06/02/2013 - 21:00
Não são raras, no Brasil, histórias de empresas que tiveram que contratar um “despachante” para acelerar a liberação do alvará de funcionamento. Não porque o processo seja necessariamente complexo. Muitas delas têm advogados ou contadores perfeitamente capazes de preencher os formulários e protocolá-los nos órgãos competentes. Em muitos casos, todas as normas de segurança e saúde pública já foram seguidas. Mas é comum, em boa parte do País, esperar meses para que a prefeitura libere o documento necessário ao funcionamento regular de um bar, restaurante ou casa noturna. Muitas vezes, ao contratar o serviço de um desses “despachantes”, a empresa quer apenas que o processo ande.

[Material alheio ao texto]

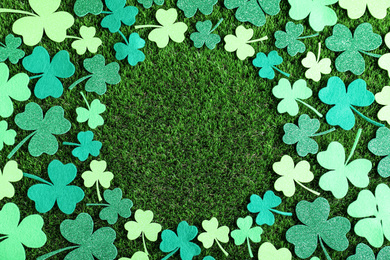 Frame made of clover leaves on green grass, flat lay with space for text. St. Patrick's Day celebration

O jeitinho que virou tragédia: a espuma irregular colocada na boate Kiss, de Santa Maria,
emitiu o gás tóxico que matou 236 jovens
“Se for uma casa nova, ela pode quebrar antes de conseguir o alvará”, diz Paulo Solmucci, presidente da Associação Brasileira de Bares e Restaurantes (Abrasel). Num cenário desses, acelerar o processo pode parecer inofensivo. Apenas um atalho. Mas pequenos atos de corrupção, mesmo que terceirizados e travestidos com uma roupagem técnica, não perdem seu caráter ilegal. Corrupção é crime não apenas quando praticada por um funcionário público, governante ou político. É crime também quando praticada por uma empresa. Seja para se livrar da punição de um ato ilegal, seja para furar a fila da burocracia. O incêndio da boate Kiss, na cidade gaúcha de Santa Maria, que matou pelo menos 236 pessoas na madrugada do domingo 27, mostra como atitudes aparentemente sem importância podem ter consequências devastadoras.

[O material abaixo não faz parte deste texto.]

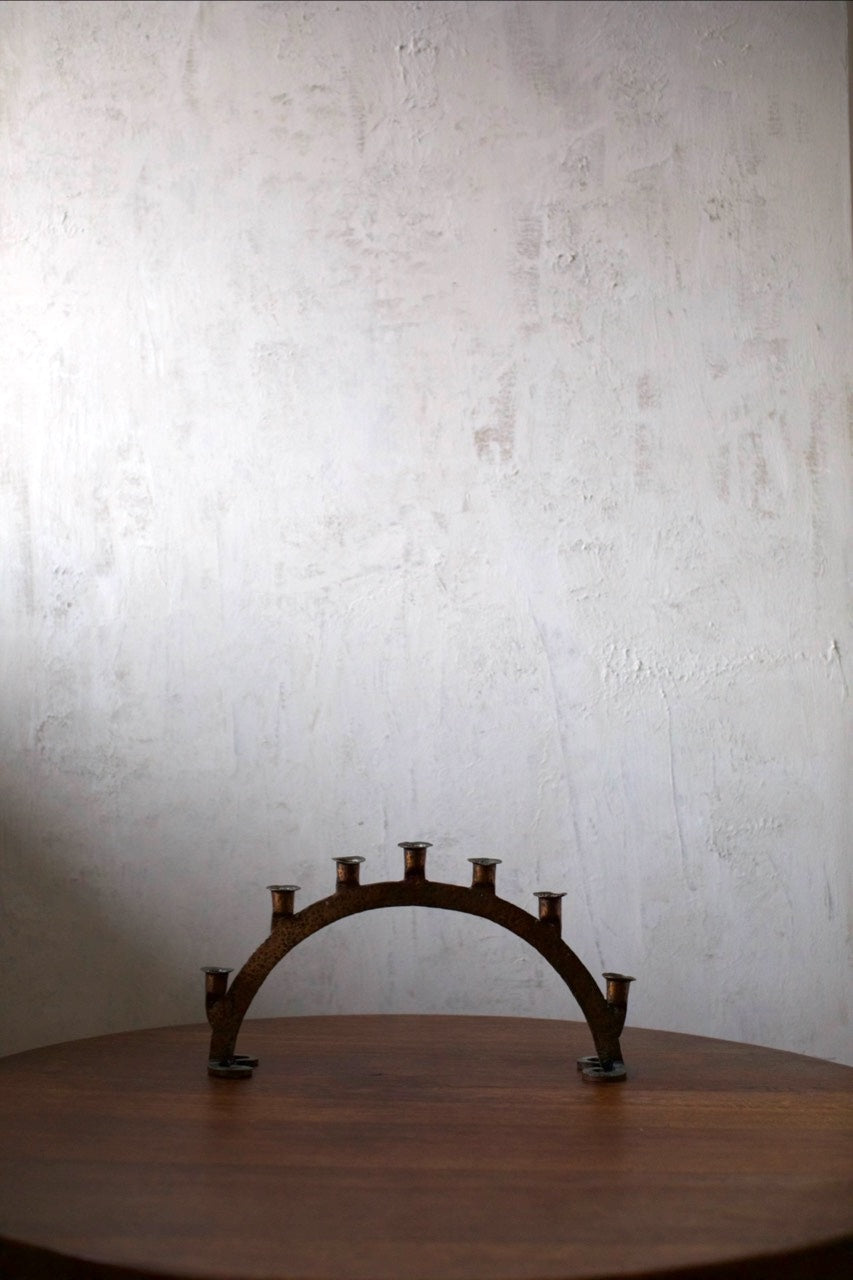 Bronze Candleholder — side angle on wooden table against textured wall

Entre os jovens que se divertiam numa festa universitária, muitos morreram queimados. Mas a maioria foi asfixiada pelo gás tóxico liberado com a queima da espuma de baixa qualidade usada irregularmente como isolante acústico na boate, o cianeto. O mesmo gás usado pelos nazistas nas câmaras que mataram milhões de judeus durante a Segunda Guerra. Na quarta-feira 30, enquanto dezenas de vítimas ainda corriam risco de vida nos hospitais gaúchos, a chanceler alemã Angela Merkel participava, em Berlim, de uma cerimônia para marcar os 80 anos da chegada de Adolf Hitler ao poder. Era importante marcar a data, disse ela, porque Hitler parecia inofensivo, e em pouco tempo transformou o país.

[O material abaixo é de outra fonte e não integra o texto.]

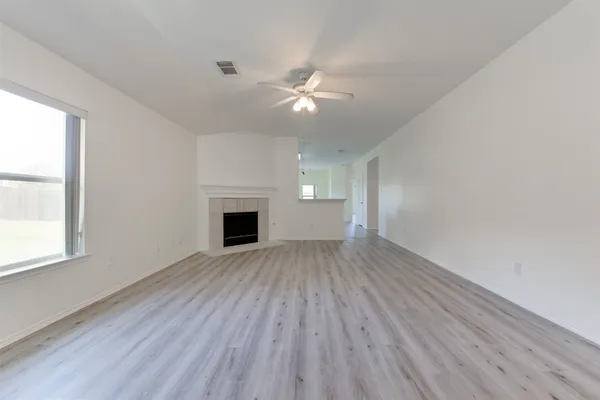 wooden floor in an empty room with a window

“Isso só foi possível devido à cumplicidade e indiferença das elites e de boa parte do povo alemão”, disse Merkel, lembrando que é preciso lutar permanentemente para garantir a liberdade e a democracia. É uma lição para todos os brasileiros do setor privado e do setor público: não há mais espaço para a conivência ou a leniência com os males que contaminam a nossa sociedade e ameaçam o futuro dos nossos filhos. A tolerância zero com o álcool em motoristas, que começou na semana passada, é prova disso. É claro que o empresário que instalou material barato na boate Kiss não tinha intenção de transformar o local numa câmara de gás nazista. Mas as autoridades locais e o Corpo de Bombeiros – que negligenciaram seu trabalho de fiscalizar um local frequentado por jovens nos fins de semana – tinham o dever de prever que essa seria a consequência das falhas na fiscalização.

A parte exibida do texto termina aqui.